### How to complete this task
From the data below, repeat exactly the lines from the line with "Western blot analysis of extracts from Jurkat/COLO205" to the line with "Anti-Phospholipid scramblase 1", both included.

━━━ Records for the task

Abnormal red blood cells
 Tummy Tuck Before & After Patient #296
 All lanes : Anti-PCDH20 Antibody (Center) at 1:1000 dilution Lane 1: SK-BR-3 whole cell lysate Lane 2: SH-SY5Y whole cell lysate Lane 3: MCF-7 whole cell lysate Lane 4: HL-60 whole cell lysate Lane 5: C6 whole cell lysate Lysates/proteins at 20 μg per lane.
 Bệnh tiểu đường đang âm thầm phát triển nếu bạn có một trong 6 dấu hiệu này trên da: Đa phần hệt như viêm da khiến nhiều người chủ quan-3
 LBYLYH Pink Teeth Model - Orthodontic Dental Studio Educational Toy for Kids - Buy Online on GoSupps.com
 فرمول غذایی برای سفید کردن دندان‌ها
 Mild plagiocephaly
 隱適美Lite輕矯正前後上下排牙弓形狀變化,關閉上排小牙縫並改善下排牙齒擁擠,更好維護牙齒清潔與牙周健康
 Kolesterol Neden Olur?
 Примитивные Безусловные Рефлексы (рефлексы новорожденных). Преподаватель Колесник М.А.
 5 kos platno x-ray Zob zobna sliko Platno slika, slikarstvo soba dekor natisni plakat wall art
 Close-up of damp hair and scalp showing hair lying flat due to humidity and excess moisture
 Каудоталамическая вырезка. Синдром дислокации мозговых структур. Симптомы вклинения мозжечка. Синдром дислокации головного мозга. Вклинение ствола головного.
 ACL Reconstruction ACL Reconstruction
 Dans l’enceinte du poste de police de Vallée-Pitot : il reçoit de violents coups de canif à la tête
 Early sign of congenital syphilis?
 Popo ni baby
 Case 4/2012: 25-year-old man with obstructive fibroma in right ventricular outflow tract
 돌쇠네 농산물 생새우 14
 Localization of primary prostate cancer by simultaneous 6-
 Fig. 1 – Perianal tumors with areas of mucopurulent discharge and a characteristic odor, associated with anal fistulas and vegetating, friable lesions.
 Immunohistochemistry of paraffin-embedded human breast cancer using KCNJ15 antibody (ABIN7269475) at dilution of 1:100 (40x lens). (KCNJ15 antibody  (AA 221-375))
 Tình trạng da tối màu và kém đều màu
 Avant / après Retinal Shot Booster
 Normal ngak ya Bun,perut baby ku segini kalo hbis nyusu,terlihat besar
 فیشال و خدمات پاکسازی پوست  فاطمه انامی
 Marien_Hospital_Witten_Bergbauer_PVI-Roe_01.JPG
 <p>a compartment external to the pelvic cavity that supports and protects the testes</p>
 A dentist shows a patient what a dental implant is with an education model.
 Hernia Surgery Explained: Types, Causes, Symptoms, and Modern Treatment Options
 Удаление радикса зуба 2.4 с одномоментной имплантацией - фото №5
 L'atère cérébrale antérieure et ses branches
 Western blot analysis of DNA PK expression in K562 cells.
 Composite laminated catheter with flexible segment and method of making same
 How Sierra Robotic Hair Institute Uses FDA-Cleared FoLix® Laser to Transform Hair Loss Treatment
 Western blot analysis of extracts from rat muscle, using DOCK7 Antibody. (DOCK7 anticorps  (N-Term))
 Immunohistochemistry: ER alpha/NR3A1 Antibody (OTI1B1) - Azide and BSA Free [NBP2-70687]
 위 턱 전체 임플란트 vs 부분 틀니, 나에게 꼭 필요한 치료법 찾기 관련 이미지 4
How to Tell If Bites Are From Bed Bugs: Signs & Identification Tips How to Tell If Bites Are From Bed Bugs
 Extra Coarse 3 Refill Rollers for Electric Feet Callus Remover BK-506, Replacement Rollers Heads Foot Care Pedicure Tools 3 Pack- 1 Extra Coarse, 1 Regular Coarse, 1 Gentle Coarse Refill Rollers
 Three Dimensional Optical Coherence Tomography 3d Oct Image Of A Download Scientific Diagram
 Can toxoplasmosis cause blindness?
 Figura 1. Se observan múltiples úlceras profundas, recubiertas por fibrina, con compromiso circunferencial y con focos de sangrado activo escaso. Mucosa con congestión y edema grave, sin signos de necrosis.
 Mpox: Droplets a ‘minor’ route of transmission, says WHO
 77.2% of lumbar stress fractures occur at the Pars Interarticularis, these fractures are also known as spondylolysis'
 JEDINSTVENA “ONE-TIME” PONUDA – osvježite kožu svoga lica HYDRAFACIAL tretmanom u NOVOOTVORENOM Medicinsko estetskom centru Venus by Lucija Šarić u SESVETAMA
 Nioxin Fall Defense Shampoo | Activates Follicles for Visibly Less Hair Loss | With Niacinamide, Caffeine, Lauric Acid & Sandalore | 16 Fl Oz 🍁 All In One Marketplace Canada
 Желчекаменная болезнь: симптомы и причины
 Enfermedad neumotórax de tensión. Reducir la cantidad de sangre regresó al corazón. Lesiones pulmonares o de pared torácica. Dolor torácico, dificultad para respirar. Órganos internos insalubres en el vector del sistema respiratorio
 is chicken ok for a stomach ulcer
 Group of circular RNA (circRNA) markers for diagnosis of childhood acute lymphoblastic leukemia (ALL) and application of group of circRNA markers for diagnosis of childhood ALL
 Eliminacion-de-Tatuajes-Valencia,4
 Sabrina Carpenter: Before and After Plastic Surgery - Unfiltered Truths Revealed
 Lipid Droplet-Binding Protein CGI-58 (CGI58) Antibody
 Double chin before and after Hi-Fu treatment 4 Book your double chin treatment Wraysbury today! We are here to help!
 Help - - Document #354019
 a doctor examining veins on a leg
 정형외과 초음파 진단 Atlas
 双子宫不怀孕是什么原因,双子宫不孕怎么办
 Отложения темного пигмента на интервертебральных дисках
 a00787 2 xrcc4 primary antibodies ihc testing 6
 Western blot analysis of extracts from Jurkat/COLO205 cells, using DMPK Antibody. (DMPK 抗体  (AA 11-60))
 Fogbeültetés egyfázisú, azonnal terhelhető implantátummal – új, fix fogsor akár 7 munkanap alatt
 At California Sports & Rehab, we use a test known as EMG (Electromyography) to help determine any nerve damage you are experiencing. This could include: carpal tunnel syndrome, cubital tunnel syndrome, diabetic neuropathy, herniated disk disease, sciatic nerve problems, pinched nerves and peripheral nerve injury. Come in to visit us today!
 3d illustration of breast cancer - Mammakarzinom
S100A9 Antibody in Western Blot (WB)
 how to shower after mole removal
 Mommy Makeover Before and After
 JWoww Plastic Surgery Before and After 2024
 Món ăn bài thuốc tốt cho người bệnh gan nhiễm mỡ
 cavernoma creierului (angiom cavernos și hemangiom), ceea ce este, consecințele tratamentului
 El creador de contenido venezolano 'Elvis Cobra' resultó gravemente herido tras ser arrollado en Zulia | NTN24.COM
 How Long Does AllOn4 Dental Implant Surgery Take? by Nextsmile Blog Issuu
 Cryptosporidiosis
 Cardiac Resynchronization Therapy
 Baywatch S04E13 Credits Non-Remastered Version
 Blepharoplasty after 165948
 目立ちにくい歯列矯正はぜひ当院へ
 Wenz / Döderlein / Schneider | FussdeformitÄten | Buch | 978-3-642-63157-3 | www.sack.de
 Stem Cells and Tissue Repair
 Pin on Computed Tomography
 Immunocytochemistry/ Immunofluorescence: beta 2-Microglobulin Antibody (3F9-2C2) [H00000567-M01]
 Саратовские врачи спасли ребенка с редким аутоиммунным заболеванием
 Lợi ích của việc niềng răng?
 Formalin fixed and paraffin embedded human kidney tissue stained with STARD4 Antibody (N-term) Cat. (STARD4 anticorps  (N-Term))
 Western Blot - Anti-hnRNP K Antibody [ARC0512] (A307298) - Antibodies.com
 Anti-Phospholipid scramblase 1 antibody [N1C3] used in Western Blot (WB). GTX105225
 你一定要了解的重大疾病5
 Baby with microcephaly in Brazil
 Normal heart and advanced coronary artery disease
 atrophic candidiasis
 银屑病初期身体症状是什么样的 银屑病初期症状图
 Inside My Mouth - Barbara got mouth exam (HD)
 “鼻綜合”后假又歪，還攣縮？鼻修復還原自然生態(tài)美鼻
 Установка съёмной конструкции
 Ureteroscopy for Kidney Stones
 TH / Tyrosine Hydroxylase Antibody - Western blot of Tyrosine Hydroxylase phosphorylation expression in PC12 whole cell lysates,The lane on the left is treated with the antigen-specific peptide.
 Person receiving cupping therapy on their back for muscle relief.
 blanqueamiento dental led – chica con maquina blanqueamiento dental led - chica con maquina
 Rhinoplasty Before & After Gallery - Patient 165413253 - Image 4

━━━━━━

### Answer box
 Western blot analysis of extracts from Jurkat/COLO205 cells, using DMPK Antibody. (DMPK 抗体  (AA 11-60))
 Fogbeültetés egyfázisú, azonnal terhelhető implantátummal – új, fix fogsor akár 7 munkanap alatt
 At California Sports & Rehab, we use a test known as EMG (Electromyography) to help determine any nerve damage you are experiencing. This could include: carpal tunnel syndrome, cubital tunnel syndrome, diabetic neuropathy, herniated disk disease, sciatic nerve problems, pinched nerves and peripheral nerve injury. Come in to visit us today!
 3d illustration of breast cancer - Mammakarzinom
S100A9 Antibody in Western Blot (WB)
 how to shower after mole removal
 Mommy Makeover Before and After
 JWoww Plastic Surgery Before and After 2024
 Món ăn bài thuốc tốt cho người bệnh gan nhiễm mỡ
 cavernoma creierului (angiom cavernos și hemangiom), ceea ce este, consecințele tratamentului
 El creador de contenido venezolano 'Elvis Cobra' resultó gravemente herido tras ser arrollado en Zulia | NTN24.COM
 How Long Does AllOn4 Dental Implant Surgery Take? by Nextsmile Blog Issuu
 Cryptosporidiosis
 Cardiac Resynchronization Therapy
 Baywatch S04E13 Credits Non-Remastered Version
 Blepharoplasty after 165948
 目立ちにくい歯列矯正はぜひ当院へ
 Wenz / Döderlein / Schneider | FussdeformitÄten | Buch | 978-3-642-63157-3 | www.sack.de
 Stem Cells and Tissue Repair
 Pin on Computed Tomography
 Immunocytochemistry/ Immunofluorescence: beta 2-Microglobulin Antibody (3F9-2C2) [H00000567-M01]
 Саратовские врачи спасли ребенка с редким аутоиммунным заболеванием
 Lợi ích của việc niềng răng?
 Formalin fixed and paraffin embedded human kidney tissue stained with STARD4 Antibody (N-term) Cat. (STARD4 anticorps  (N-Term))
 Western Blot - Anti-hnRNP K Antibody [ARC0512] (A307298) - Antibodies.com
 Anti-Phospholipid scramblase 1 antibody [N1C3] used in Western Blot (WB). GTX105225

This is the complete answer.